* **TRY IT**:
In your copy, include every line of the listing below exactly but none of the pictures.

* **THE DATA**:
•••

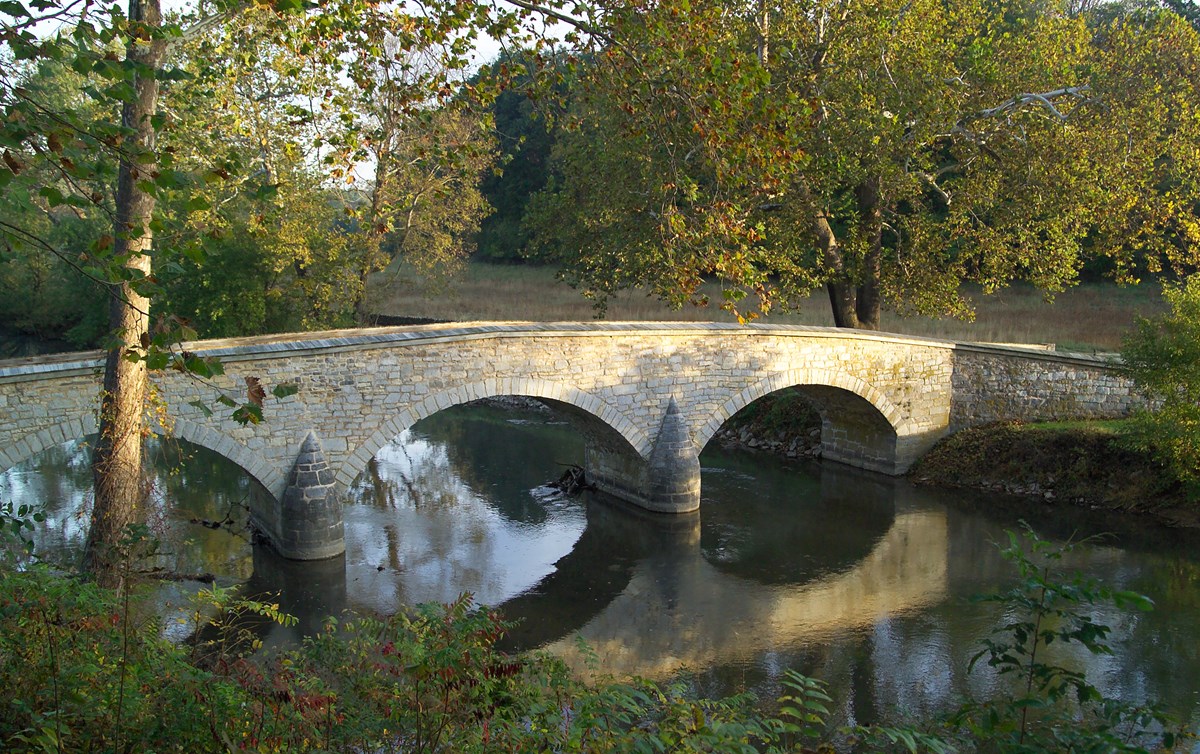 Burnside Bridge with fall colors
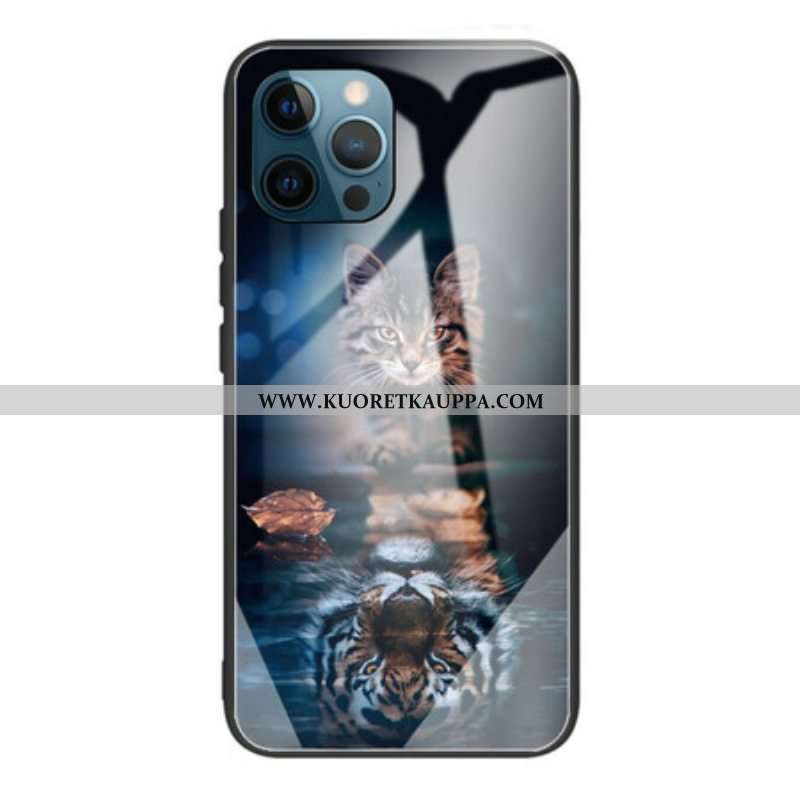Kuori iPhone 13 Pro Max My Tiger Tempered Glass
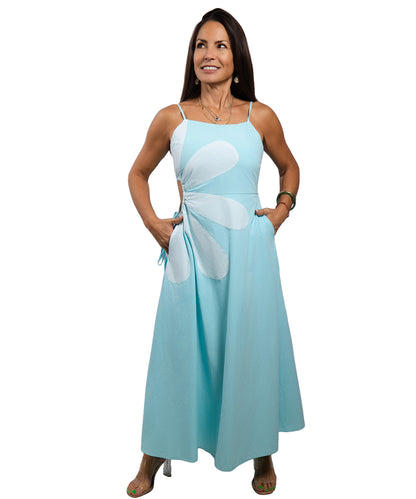 Hana Flower Long Dress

•••

* **RESULT**:
 Burnside Bridge with fall colors
Kuori iPhone 13 Pro Max My Tiger Tempered Glass
 Hana Flower Long Dress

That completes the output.